This Floe generates a diverse subset of the input dataset based on OEGraphSim 2D similarity calculations.

If the parameter Use Large Scale Version is set to True, the floe will use sphere exclusion clustering to find the diverse subset. Otherwise, the floe will use k-medoids clustering. It is imperative to not attempt to cluster datasets larger than 10,000 records using k-medoids clustering!

Promoted Parameters

Title in user interface (promoted name)

Outputs

Diverse Subset Name (subset): Name of output diverse subset file.

  • Required

  • Type: dataset_out

  • Default: 2D_diverse_subset

Failed Records (failed): Dataset with failed records.

  • Required

  • Type: dataset_out

  • Default: 2D_diverse_subset_failed

Advanced: Memory, Optimization, and Matrix File Output or Input

Output Distance Matrix (output_similarity_matrix): If True, writes distance matrix used in clustering to a file.

  • Type: boolean

  • Default: False

  • Choices: [True, False]

Distance Matrix Filename (similarity_matrix_filename): Filename of distance matrix.

  • Type: string

  • Default: clustering_distance_matrix.txt

Memory for Clustering Cubes (clustering_memory): For large datasets, try increasing the memory limit.

  • Type: decimal

  • Default: 8000

Similarity Tile Size (tile_size): Advanced parameter for tuning parallel speed.

  • Type: integer

  • Default: 100

Advanced: Large Scale Clustering Cubes

Memory (MB) for Cluster Head Generation (gen_heads_memory_mb): Memory (in MB) allocated to serial cube that generates cluster heads.

  • Type: decimal

  • Default: 8000

Memory (MB) for Parallel Sphere Exclusion (dse_memory_mb): Memory (in MB) allocated to parallel sphere exclusion cube that assigns members to clusters.

  • Type: decimal

  • Default: 8000

Sphere Exclusion Item Count (dse_item_count): Number of records processed at a time, by parallel sphere exclusion cube. Each record creates a unit of work, which is comparing similarity of all cluster heads found so far to a single member to be assigned.

  • Type: integer

  • Default: 1000

Cluster Head Percentage (head_percentage): Ratio of cluster heads per cycle, to batch size

  • Type: decimal

  • Default: 0.03

Minimum Batch Size (batch_size_floor): Minimum batch size for generate heads cube.

  • Type: integer

  • Default: 200

Minimum Cluster Heads Per Cycle (num_clusters_per_cycle_floor): Minimum cluster heads found per cycle, for generate heads cube.

  • Type: integer

  • Default: 20

Batch Size Percentage (starting_batch_percentage): Starting ratio of batch size to total input size

  • Type: decimal

  • Default: 0.1

Fingerprint Generation

Use Pregenerated fingerprints (switch): If set to True, the floe will not generate fingerprints, and instead use the fingerprint field specified to provide pregenerated fingerprints for each molecule.

  • Required

  • Type: boolean

  • Default: False

  • Choices: [True, False]

Fingerprint Field (fingerprint_field): If fingerprints are generated within the Floe, this is the name of the fingerprint field that will contain the generated fingerprints. If fingerprints are pregenerated, this should be the field name containing the pregenerated fingerprints.

  • Required

  • Type: field_parameter

  • Default: Fingerprint

Fingerprint Type (fingerprint_type): If Use Pregenerated is set to False, the type of fingerprint to be generated and used in the similarity calculation.

  • Type: string

  • Default: Circular

  • Choices: [‘Circular’, ‘Lingo’, ‘MACCS’, ‘Path’, ‘Tree’]

2D Similarity Calculation

2D Similarity Score Function (sim_type): The similarity measure used to 2D similarity calculation.

  • Type: string

  • Default: OETanimoto

  • Choices: [‘OECosine’, ‘OEDice’, ‘OEEuclid’, ‘OEManhattan’, ‘OETanimoto’]

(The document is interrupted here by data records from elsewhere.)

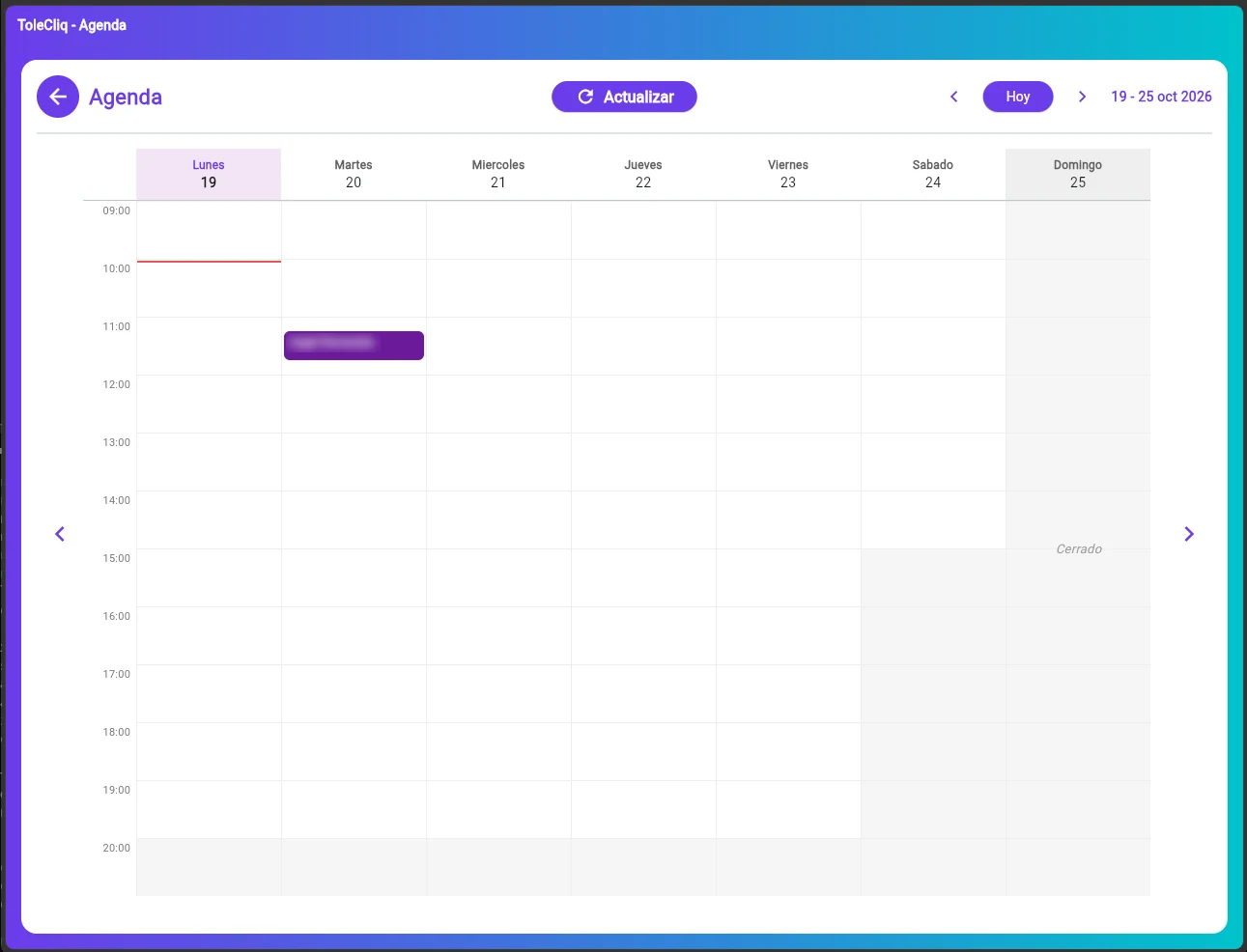 Agenda semanal de ToleCliq con las citas por día y por hora, y los horarios cerrados en gris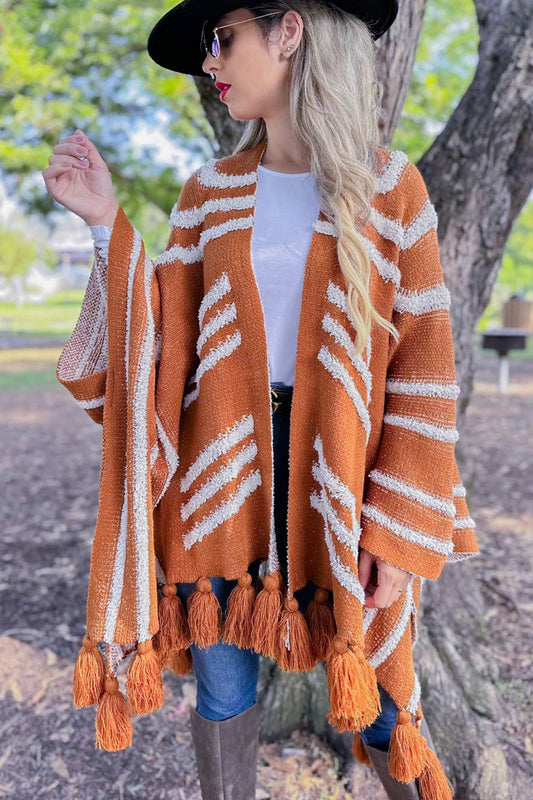 FINAL SALE Western Textured Cardigan with Chunky Tassel: One Size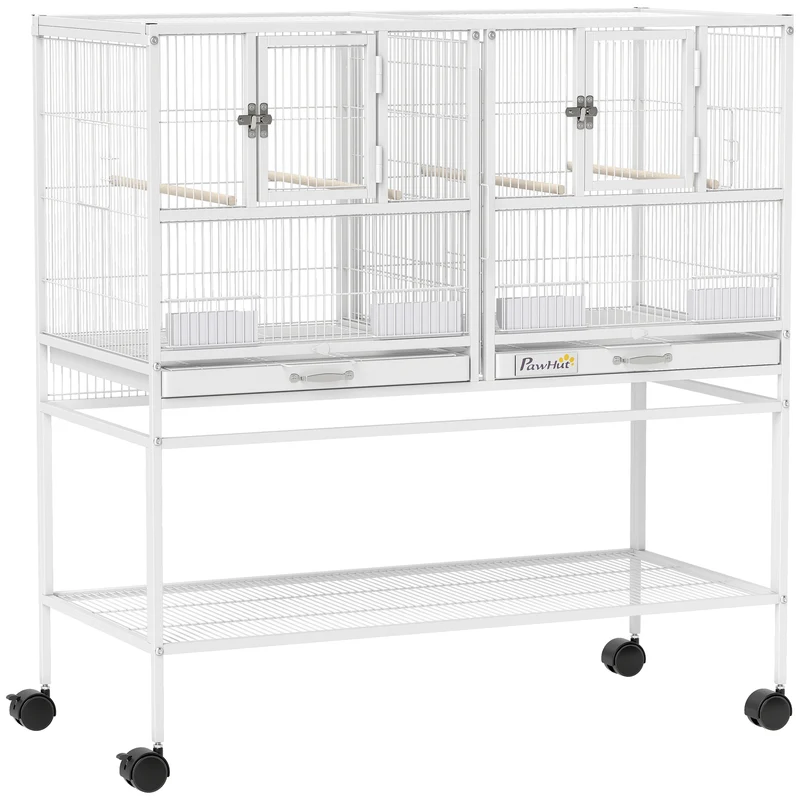 Pawhut Jaula Para Pájaros Con Ruedas Comederos Estante 95x45,5x102 Cm Blanco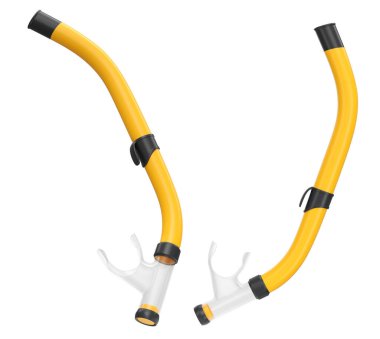 Yaz tatili için dalış maskesi ve şnorkel seti ve beyaz arka planda şnorkelle dalış yaz tatili konsepti ve tatillerin 3 boyutlu canlandırması.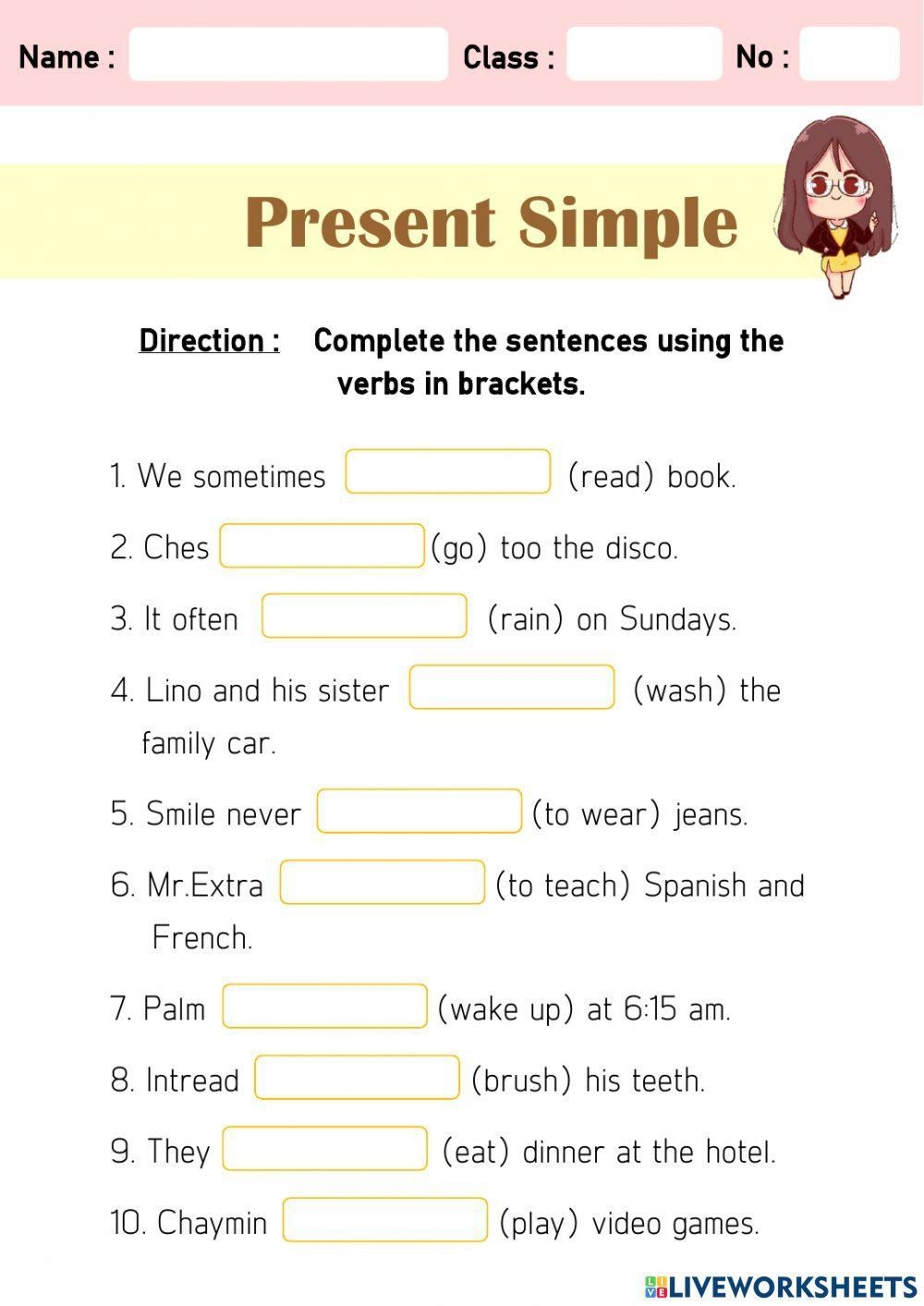 Simple Present Tense Interactive Worksheet Edform Worksheets Library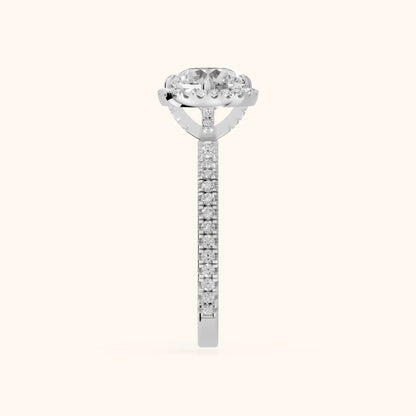 Rosemary Halo Pavé Round Diamond Engagement Ring in Silver - SideView.webp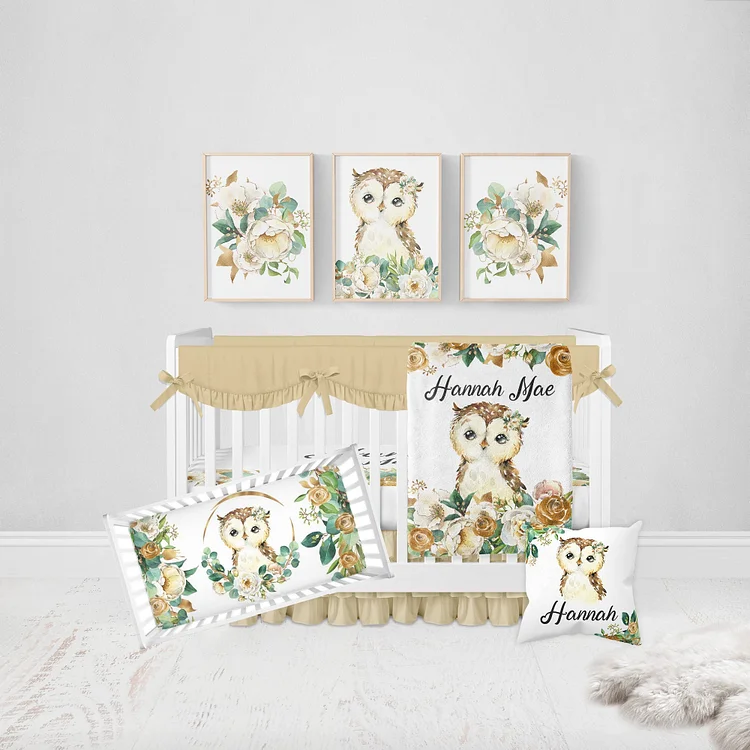 Personalized Owl Girl Crib Bedding Set|Bed53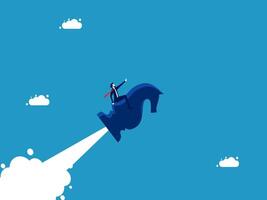 businessman riding on a rocket with clouds in the background vector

Similarity Score Cutoff (sim_cutoff): Similarity scores below this value will be calculated as 0

  • Type: decimal

  • Default: 0.05

Sphere Exclusion Radius (sphere_exclusion_radius): Radius from cluster head, used to determine that head’s cluster members. This corresponds to a distance metric, or 1.0 - similarity_score. Scores are normalized from 0 to 1. For example, a TanimotoCombo similarity score of 1.5 is normalized to a score of 0.75 and a distance of 0.25. A larger radius will generally result in fewer clusters with more members, and a smaller radius will result in more clusters with fewer members.

  • Required

  • Type: decimal

  • Default: 0.8

Advanced: Sort Input Dataset By Score

Use Score (use_rank): Use rank to sort hits in directed sphere exclusion algorithm and include rank information in clustering report. YOU MUST SELECT A SCORE FIELD IN THE SCORE FIELD PARAMETER, BELOW, IF THIS IS SET TO TRUE.

  • Type: boolean

  • Default: False

  • Choices: [True, False]

Score Field (rank_field): Score field to be used for sorting during sphere exclusion and analyzed in floe report.

  • Type: field_parameter

Score Sort Order (sort_order): Sort order for scores. Descending means higher scores are more desirable. Ascending means lower scores are more desirable.

  • Type: string

  • Default: Descending

  • Choices: [‘Descending’, ‘Ascending’]

Inputs

Input Dataset (data_in): The dataset(s) to read records from

  • Required

  • Type: data_source

  • Default: data_in

Cluster Batch Size (batch_size): Batch size for clustering. Set to 10% of the number of input records for optimal results.

  • Required

  • Type: integer

Diverse Subset

Number in Subset (n_subset):

The number of records in the resulting subset. If Use Large Scale is set to True, the number of records output may be below the number requested. In this case, try adjusting the sphere exclusion radius. If Large Scale is set to False, the number of records output should match this parameter exactly.

  • Required

  • Type: integer

Use Large Scale Version (use_large): Set to True, if running clustering on a dataset with more than 10,000 records. Large scale clustering uses directed sphere exclusion, which is much more suitable for large datasets.

  • Required

  • Type: boolean

  • Default: True

  • Choices: [True, False]

Advanced: K-Medoids

Medoid Initialization Method (init_method): From scikit-learn-extra docs: Specify medoid initialization method. ‘random’ selects n_clusters elements from the dataset. ‘heuristic’ picks the n_clusters points with the smallest sum distance to every other point. ‘k-medoids++’ follows an approach based on k-means++_, and in general, gives initial medoids which are more separated than those generated by the other methods. ‘build’ is a greedy initialization of the medoids used in the original PAM algorithm. Often ‘build’ is more efficient but slower than other initializations on big datasets and it is also very non-robust, if there are outliers in the dataset, use another initialization.

  • Required

  • Type: string

  • Default: heuristic

  • Choices: [‘random’, ‘heuristic’, ‘k-medoids++’, ‘build’]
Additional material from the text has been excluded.